Task statement: Set down all of the data that follows word for word, without the images.

Exercise data:

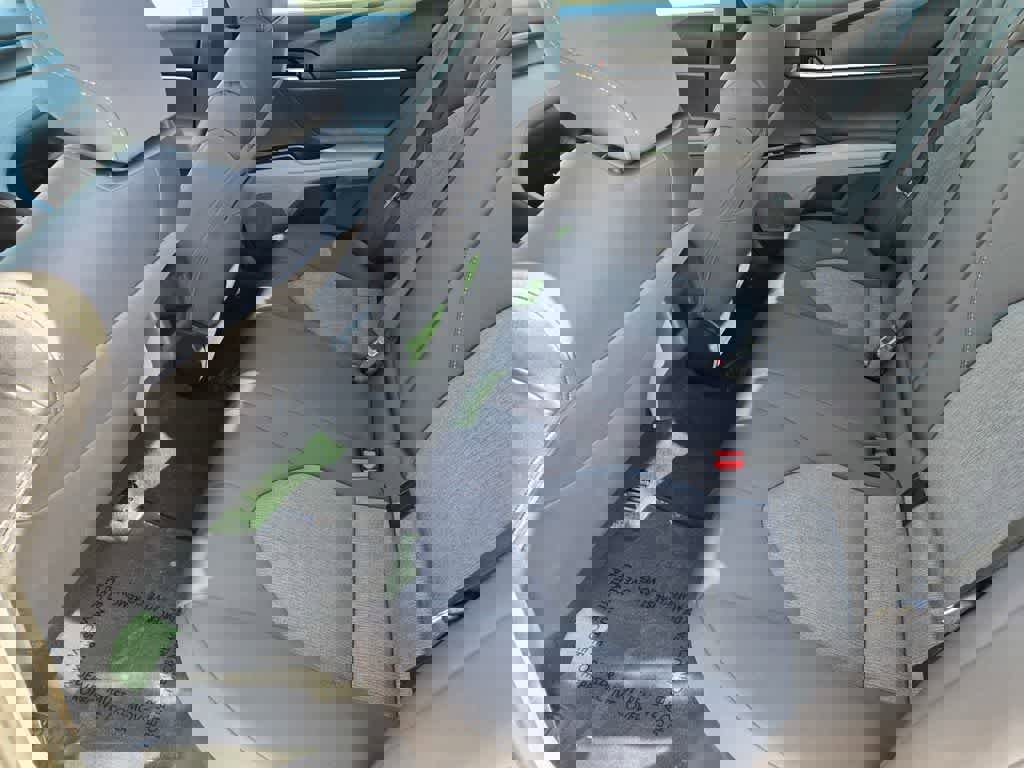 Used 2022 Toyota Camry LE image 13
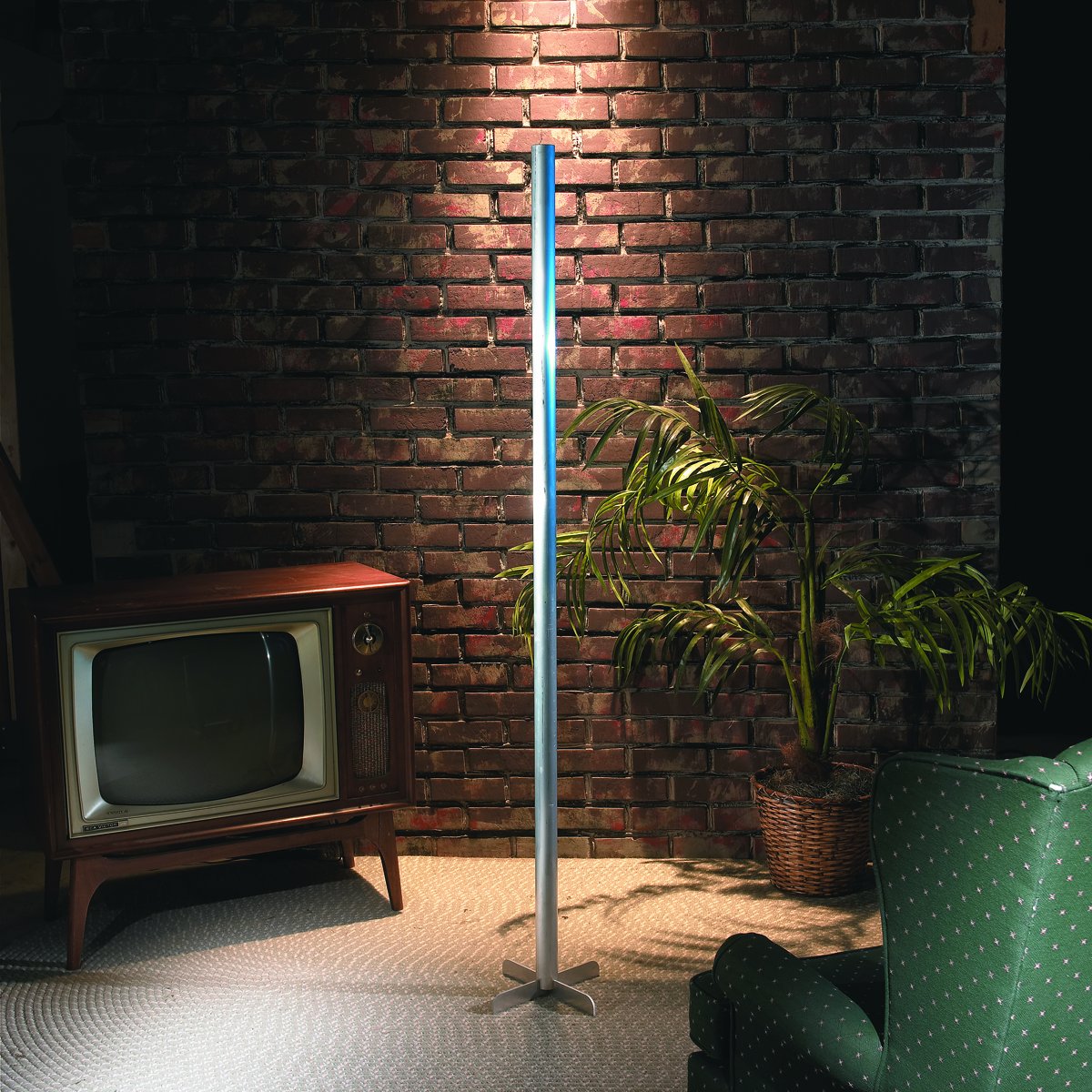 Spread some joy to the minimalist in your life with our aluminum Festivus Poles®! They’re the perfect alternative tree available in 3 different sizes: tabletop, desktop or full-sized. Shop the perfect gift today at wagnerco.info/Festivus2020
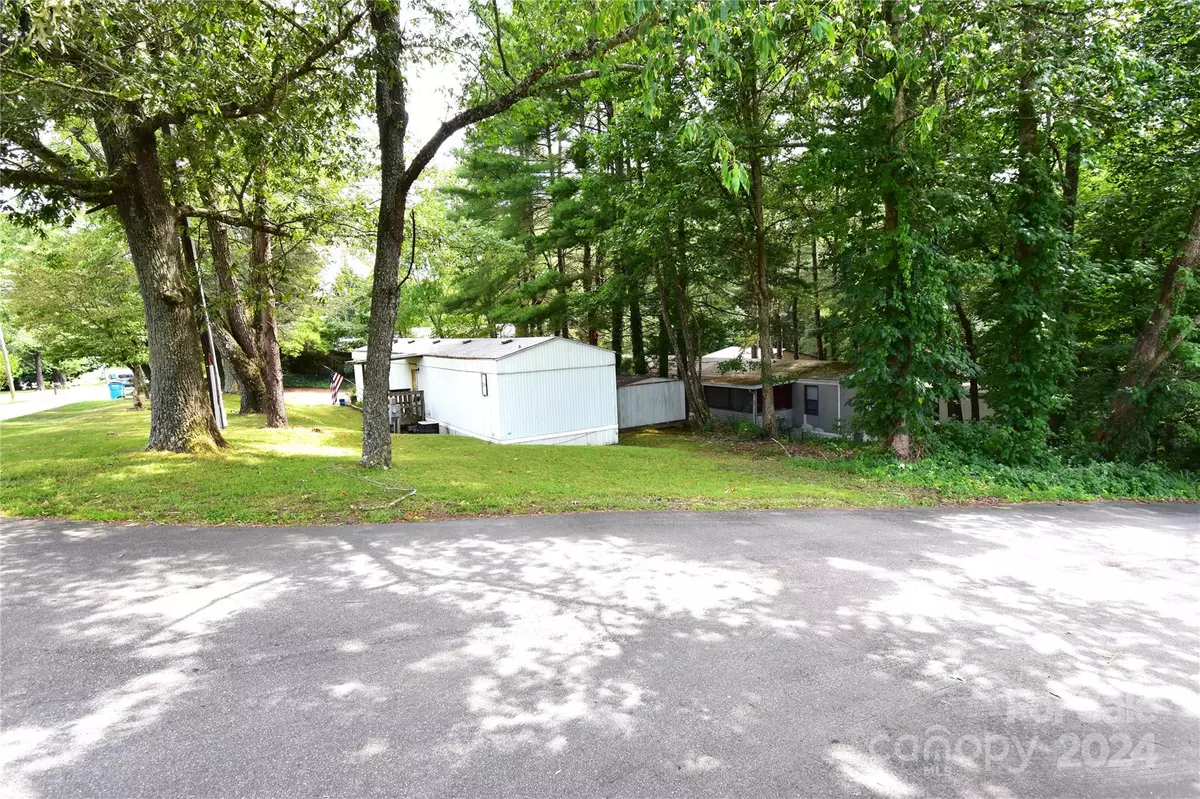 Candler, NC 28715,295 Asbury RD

Task output:
 Used 2022 Toyota Camry LE image 13
 Spread some joy to the minimalist in your life with our aluminum Festivus Poles®! They’re the perfect alternative tree available in 3 different sizes: tabletop, desktop or full-sized. Shop the perfect gift today at wagnerco.info/Festivus2020
 Candler, NC 28715,295 Asbury RD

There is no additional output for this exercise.